En 169, Vérus décède, sans doute à cause d’une sévère épidémie de peste qui sévit dans tout l’empire. Marc Aurèle doit alors faire face avec fermeté aux malheurs, nombreux, qui risquent de détruire ce que ses prédécesseurs ont bâti avec acharnement. Aussi, la pandémie dont les effets ne cessent de détériorer les flux commerciaux commence à affaiblir le socle du pays. Une fois celle-ci disparue, Marc Aurèle prend, accompagné de son épouse, le chemin des frontières de l’est afin de participer, en tant que chef suprême, à la destruction des voisins de plus en plus hostiles et entreprenants. C’est au cours de l’un de ses voyages que Faustine décède. Nous sommes en 175. Pour l’empereur, c’est une perte irremplaçable et il aura beaucoup de mal à se remettre de sa disparition. Fort heureusement, ses études philosophiques et son stoïcisme auront raison de sa peine.

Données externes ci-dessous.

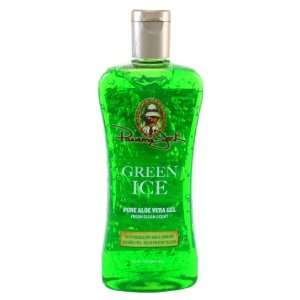Panama Jack Green Ice 355 ml Pure Aloe Vera Gel (Sonnencreme)  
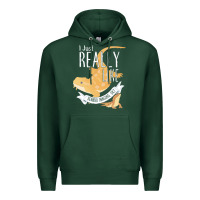 Sports Green bearded dragons i just really like bearded dragons Premium Hoodie - lanVoArt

On a beaucoup parlé, pour ne pas dire jasé, sur la cruauté de Marc Aurèle vis-à-vis des Chrétiens, sous prétexte que le martyr de Blandine et de ses compagnons s’est produit durant son règne. C’est mal connaître l’homme et son époque. S’il a raté le rendez-vous avec la chrétienté, c’est plus par ignorance du sujet que par désir de nocivité. En effet, il est difficile de croire qu’un évènement situé à Lyon ait pu attirer son attention. Néanmoins, il serait injuste de penser qu’il a voulu le bien des adeptes de cette nouvelle croyance qui l’ennuyait plus qu’elle le gênait.
En 180, Marc Aurèle se déplace de nouveau pour mater une énième agression, celle-ci en Pannonie. Durant le trajet, il tombe subitement malade et décède brusquement. C’est son fils qui lui succède, qui n’a de Commode que le prénom. Repoussant toutes les paroles des conseillers de son père, il mettra en œuvre une nouvelle politique, faite en grande partie grâce à une violence débridée et à un concept du pouvoir dans lequel la philosophie n’a plus sa place.